Displayed in a glass case now in the rarified air of a museum in Aracena, Spain, a city 6,000 years old, a Newsom’s aged Kentucky country ham represents the traditions of ham curing at its most artisanal in the United States.

Presenters at the Fifth World Congress of Dry Cured Hams noted that it is Newsom’s ham that is most like its European counterparts in tradition, style and taste.

Two of the presenters at the Congress were Americans, who have become familiar with the Princeton produced ham. Harold McGee, a columnist with the New York Times and a food scientist, opened the seminar portion of the three-day ham symposium, and Peter Kaminsky, an author of several books, television producer and columnist with the New York Times, offered the wrap-up session for the Congress. Both have high regard for the local product from the Newsom family.

McGee, who recently discovered the local ham, talked to the producers, food connoisseurs and preser­va­­tion­­­ists gathered in Aracena about Newsom’s ham and the ham industry in the United States. He put Newsom’s in a class of its own.

Kaminsky, who has visited Princeton on more than one occasion to talk to Nancy Mahaffey, gather information for articles, arrange for hams to be cured and enjoy the flavor of the Newsom cure, had long ago put Newsom’s in a class of its own in the book “Pig Perfect.” He said it was a visit to Newsom’s that launched his quest for the best around the world and his book has sent many in search of the perfect pig to the Newsom counter.

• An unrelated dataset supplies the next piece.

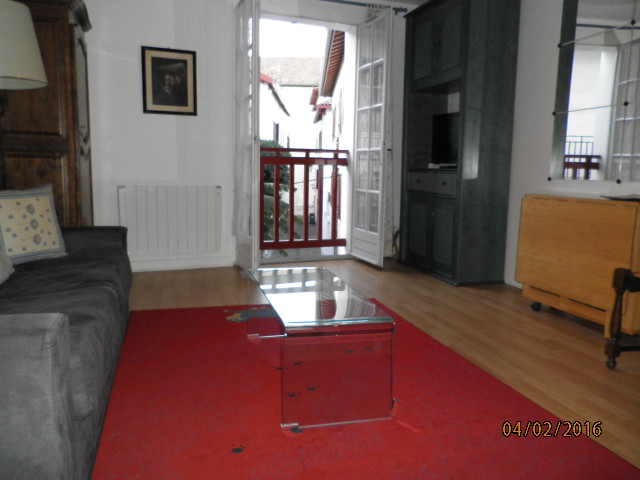 STUDIO  CENTRE ST JEAN LUZ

“It was such a wonderful honor for me, and I was indeed privileged to be the first American ham producer invited to attend in the 10 years that the Congress has been in existence. In Spain, Jamon (ham) is a tradition, but not just that, it is in some areas a way of life,” said Mahaffey.

Ham has been a tradition for the Newsom family since the 1700s, when the Newsoms brought the Virginia process with them to settle in Kentucky with a land grant in the pioneer region that later became Christian and Caldwell counties. The first Newsom ancestor in America was a William Newsom, who arrived at Jamestown, Va., in 1642.

“I never would have believed it would come to this. We have just been trying our best to preserve the way we do ham — the natural cure, the artisan, ambient weather way. We are fortunate that food writers, chefs and our customers seek us out. In Spain, it’s a whole culture, a whole industry dedicated to preserving the Jamon tradition,” said Mahaffey.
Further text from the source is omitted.